XL - El Rey de Navarra
DURANTE LA PRIMERA ETAPA, Pardaillán se sintió agobiado por la tristeza al pensar en la horrorosa muerte de Fausta y tal tristeza era, en, suma, un sentimiento generoso, porque Fausta por uno y otro medio trató de darle muerte cinco veces seguidas.
Pardaillán era generoso, pero justo. Resultaba de su generosidad que estuvo triste durante la primera etapa, pero de su sentimiento justiciero, que en la segunda empezó a morigerar su tristeza.
A medida que se alejaba de Roma, iba recobrando su carácter despreocupado que tan fuerte lo hacía en los combates de la vida.

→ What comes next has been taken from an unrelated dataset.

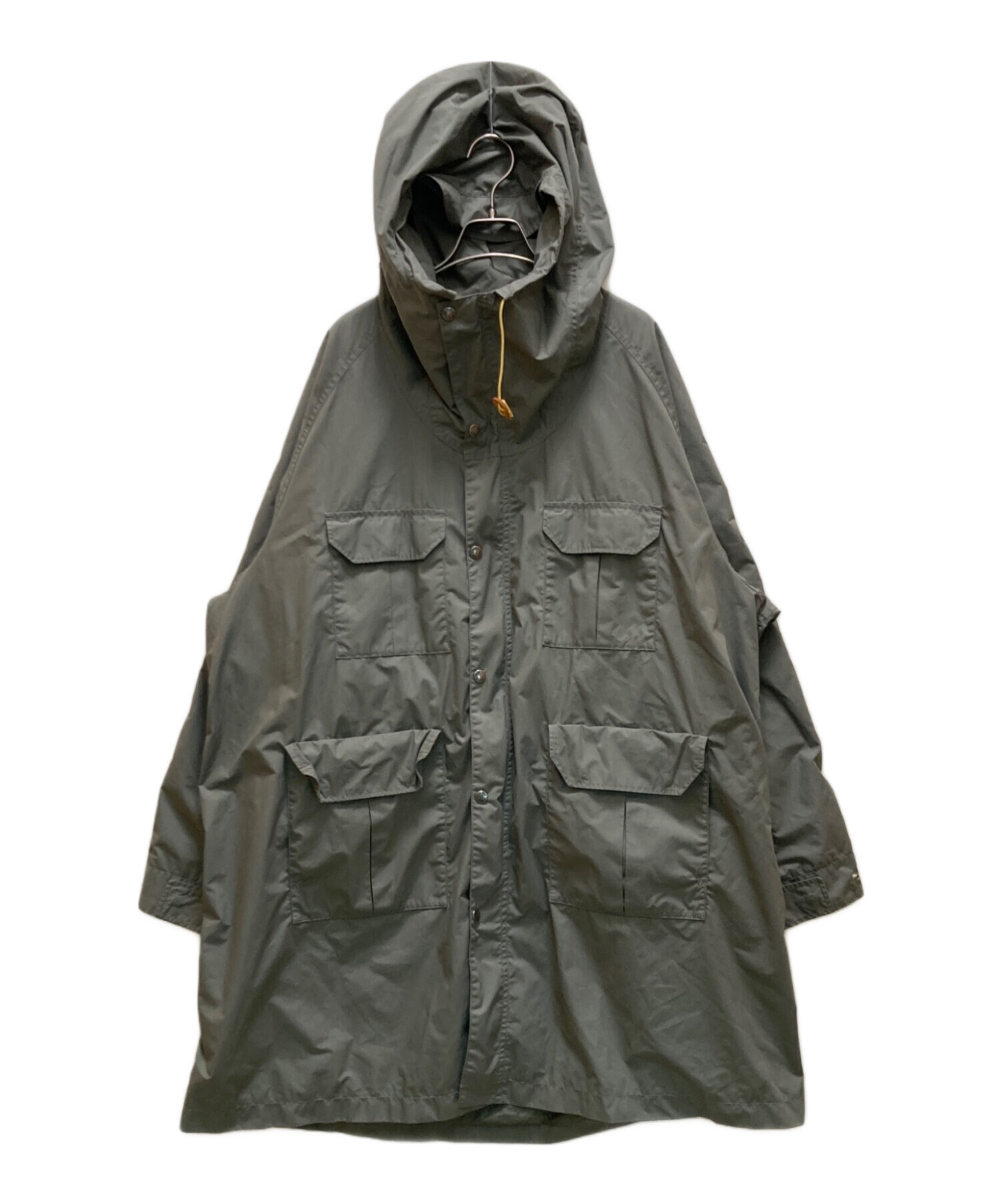 中古・古着通販】THE NORTHFACE PURPLELABEL (ザ・ノースフェイス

Al entrar en Francia, la escena del Palacio Riente se presentaba a su memoria como un hecho lejano, cada vez más borroso. Además, las extrañas noticias que recogía durante el camino a medida que avanzaba, eran suficientes para procurarle una distracción.
Supo que el anciano cardenal de Borbón había sido proclamado rey de Francia con el nombre de Carlos X, que Mayena era rey de París, que Enrique III estaba muy apurado, que el rey de Navarra se dirigía con un fuerte ejército hacia Saumur y que Chartres, Le Mans, Angers, Ruán, Evreux, Lisieux, Saint-Lo, Alençon y otras ciudades se habían rebelado contra el rey legítimo. En una palabra, el reino estaba a sangre y fuego, y todos se disputaban la corona.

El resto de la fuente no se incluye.